Krishna Sanyasi is part of a “craft-based” industry that relies on a knowledge system built around developing a ‘sense’ for texture, through smell, sight, and touch. Karigari/ craftsmanship of sweetmaking is thus often about developing a synesthetic approach that combines and uses these senses in mutual association.
My work on sweetshops and craftsmanship, over the years, has taken me to explore the intricacies of this very aspect of the sweet industry. And, when the editorial team of Third Lane got in touch with me, it gave me an opportunity to return to my field diary once again.
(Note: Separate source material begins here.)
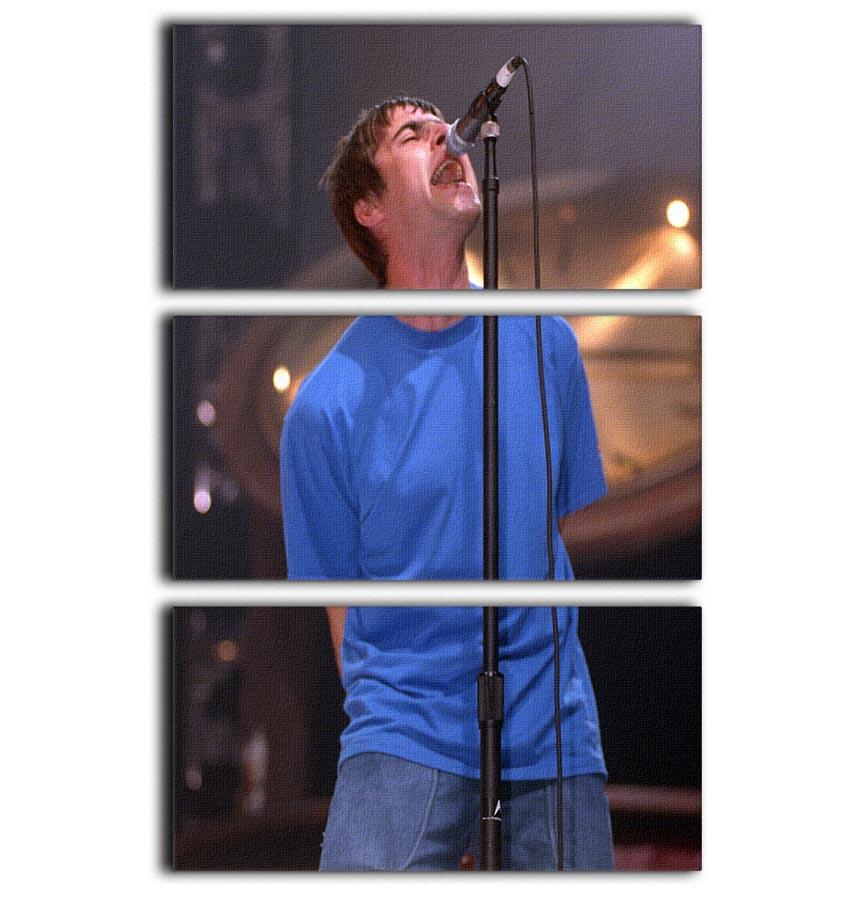 Liam Gallagher singing 3 Split Panel Canvas Print - Canvas Art Rocks - 1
Heather Paxson in her work on cheesemaking points to the central role of touch, smell and sight in the process – from the handling of curds to the final moulding of cheese. In her work on artisanal cheese, she argues that the craft is synesthetic because cheesemakers understand each stage only via touch, smell, sight and taste and their various combinations. What is common to sweetmaking and cheesemaking is that both are produced from milk. Milk, as many karigars would remind me, is a delicate product. It is no wonder that there are sweetshops in Kolkata that take pride in the hygienic conditions in which their sweets are produced – with phrases like ‘untouched by human hands’, and ‘mechanisation’ commonly thrown around to refer to the risks of working with a milk derivative with a very short shelf life – chhana.
The Sweet Test of Chhana
And yet, how do most sweetshops test chhana? Apart from few business establishments, most sweetshops still rely on mostly on sight and touch, and not taste, to check the quality of their chhana. At times a lump of chhana will be taken close to the nose to do a quick smell check. Across shops the owner/ manager of the shop and a senior karigar takes turns to check the chhana. Often karigars and sweetshop owners would tell me how they can ‘spot’ whether the chhana is made from cowmilk or the milk of water buffaloes. In fact, sweetshops deploy various ingenious methods to check the quality of chhana. Some shops encourage chhana suppliers to hang the chhana so that the whey water drains off while checking its weight. On certain evenings, I have even watched karigars squabble with chhana suppliers, who mostly belong to the Goala caste group, claiming that the latter have mixed various kinds of milk to meet the demand of chhana. On conditions of anonymity, one of the prominent shops of North Kolkata disclosed that for special orders they rely on milk but have otherwise resorted to preparing their own chhana because it is quite difficult to spot the cracks in this tricky milk derivative till one actually starts working with it.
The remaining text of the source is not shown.